Dina: “Brecht stelt het idee van moederzorg in vraag. Moeder Courage is atypisch vrouwelijk, daarom hebben mensen moeite met haar. Wat haar zo boeiend maakt, is dat ze niet op een klassieke manier zorgt. Ze is meer met haar handelspraktijk bezig. Ze wordt altijd geportretteerd als een ruwe, wat robuuste vrouw, zonder zachte eigenschappen. Het roept bij mij de vraag op: hoe kijken wij naar een moeder? Ze is een hedendaagse vrouw. Het is een vrouw die onder druk staat omdat ze zich tot zoveel verschillende situaties moet verhouden.”

Anna: “Zorg legt de wankelheid van het ideale bloot: het ideale moederbeeld, de ideale familie, de ideale jeugd.”

Barbara: “In ouderenzorg merk je meteen dat de spanning tussen vrijheid, zorg en disciplinering groot is. Hoe laat je iemand voor je zorgen zonder dat het voelt alsof je moet inboeten aan persoonlijke vrijheid? Hoe zorg je voor iemand zonder dat het autoritair overkomt? Het kan, maar in de meeste woonzorgcentra zit die zorg vast in strakke schema’s: vaste tijden voor wassen, eten, slapen… De zorgrelatie is nauwelijks nog een menselijk-dialogerende relatie waar ruimte is om de ambiguïteit tussen ontvanger en verzorger samen uit te zoeken.”

Martha: “Binnen een bureaucratisch en gecommercialiseerd systeem krijgt zorg scherpe kanten. De samenleving heeft baat bij andere vormen van zorg. Net zoals in de jeugdzorg waar men al jaren op zoek is naar interessante zorgalternatieven, kan dat voor ouderenzorg ook.”

Barbara: “Wat je sterk voelt in onze ouderenzorg is dat de angst voor het niet-normatieve in lichamelijk en geestelijk opzicht, er diep inzit. Wij vinden het zo dieptriest om iemand te zien die zogenaamd ‘normale’ dingen niet of niet meer kan. Ouderdom voelt daardoor als een tragedie en ouderenzorg als een treurig iets. Dat idee van gezondheid en geluk staat ons in de weg om echt voor elkaar te zorgen. Daarom dat we Rustoord ook benaderen als een coming of age, ouder worden als iets waarin we blijven groeien, kunnen blijven exploreren.”

Dina: “Hoe denken wij dan voor oudere mensen te kunnen zorgen als dat voor ons de mensen zijn die niet perfect zijn en niet binnen ons wereldbeeld passen? We moeten ook weer leren zorgen.”

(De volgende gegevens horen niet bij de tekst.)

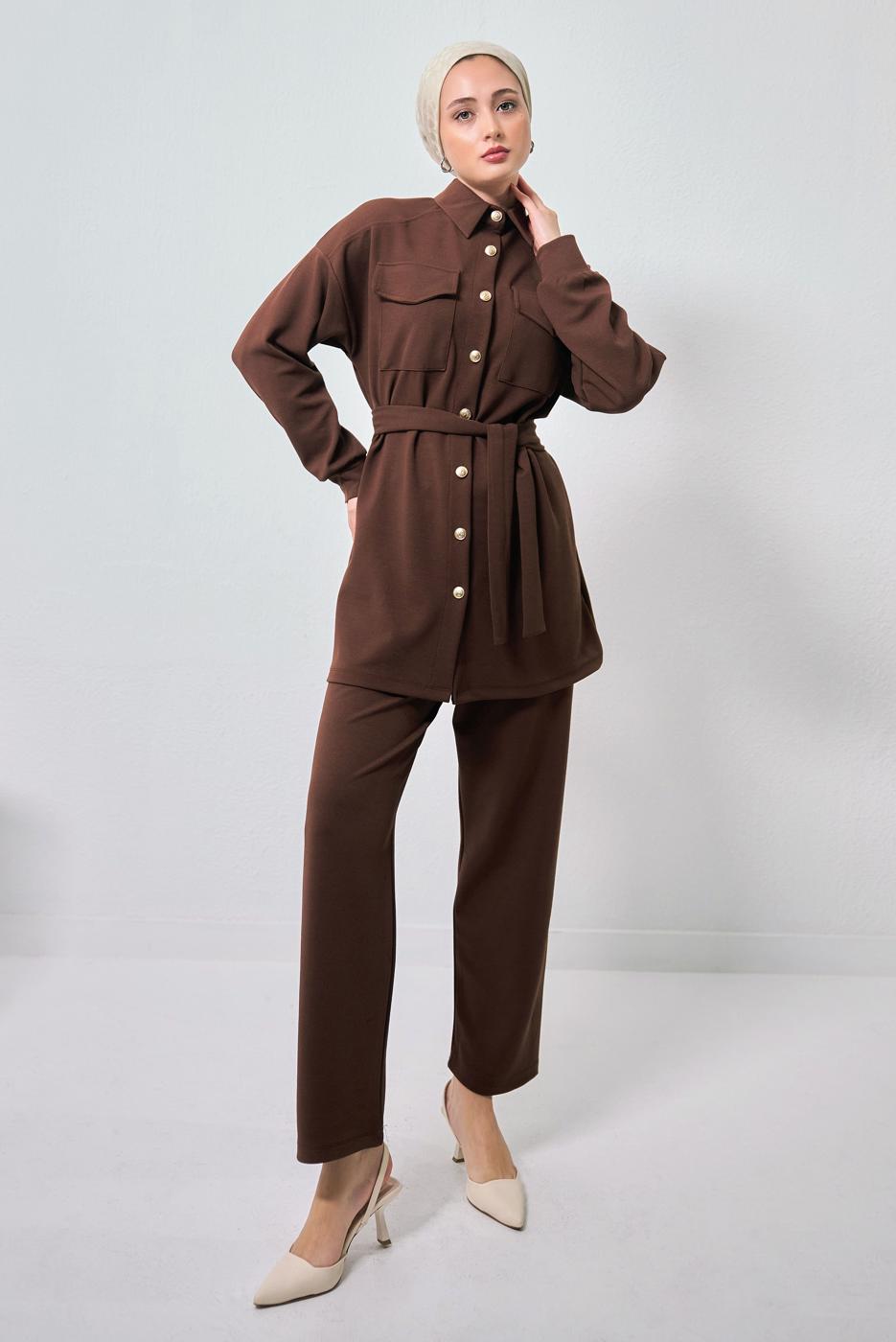 Tesettür giyim KAHVE GÖMLEK YAKA PANTOLONLU TAKIM T 1353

Martha: “Die zorg tussen ouderen en jongeren was vroeger ook veel meer wederzijds. Hoe mooi het is om afhankelijk te zijn en zorg te dragen voor elkaar, zo lelijk wordt het als die afhankelijkheid maar één kant uitgaat. Alsof je in het voor je laten zorgen, iemand de macht geeft om de verantwoordelijkheid over je leven op te eisen.”

Martha: “Het is ook belangrijk te vertellen hoe veel te leren valt uit de ouderenzorg. Ondanks de maatschappelijk precaire kaders voel je de energie van mensen die het moeilijke maar mooie werk doen.Iemand vertelde mij bijvoorbeeld over de kracht van aanrakingen, hoe dat het elementaire aan zorg wordt wanneer iemand niet meer goed kan spreken.”

Lisaboa: “In Moeder Courage zit iets gelijkaardigs aan jullie verhaal over de woonzorgcentra. Het is een ‘mini-samenleving’. Ze moeten leren gedijen in crisissituaties en de voortdurende confrontatie met de dood. Machtsmisbruik kan zich makkelijker manifesteren in een situatie waar de dood loert. In overlevingsmodus breekt de nood wet, de moraal krijgt rek.”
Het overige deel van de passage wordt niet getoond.